» **Recorded data**
++++++++

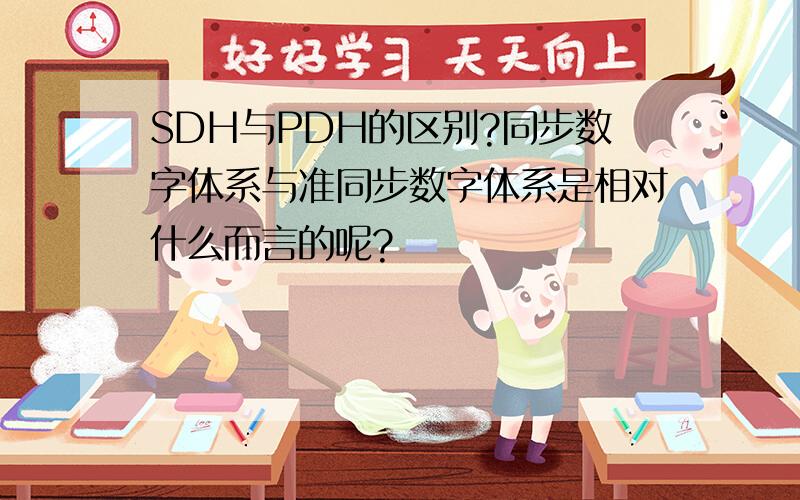 SDH与PDH的区别?同步数字体系与准同步数字体系是相对什么而言的呢?
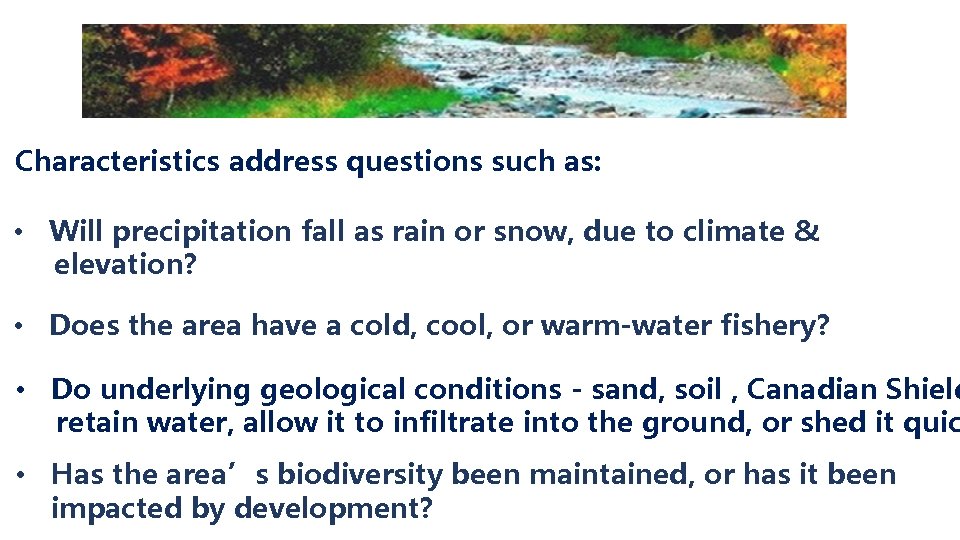 Characteristics address questions such as: • Will precipitation fall as rain or snow, due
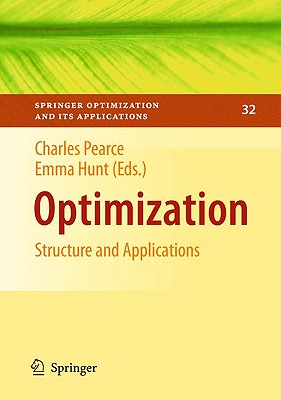 Optimization: Structure and Applications - Pearce, Charles E M, Professor (Editor), and Hunt, Emma (Editor)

++++++++

» **What is expected**
A verbatim copy of the material, pictures excluded, is what must be produced.

» **The completed task**
 SDH与PDH的区别?同步数字体系与准同步数字体系是相对什么而言的呢?
 Characteristics address questions such as: • Will precipitation fall as rain or snow, due
 Optimization: Structure and Applications - Pearce, Charles E M, Professor (Editor), and Hunt, Emma (Editor)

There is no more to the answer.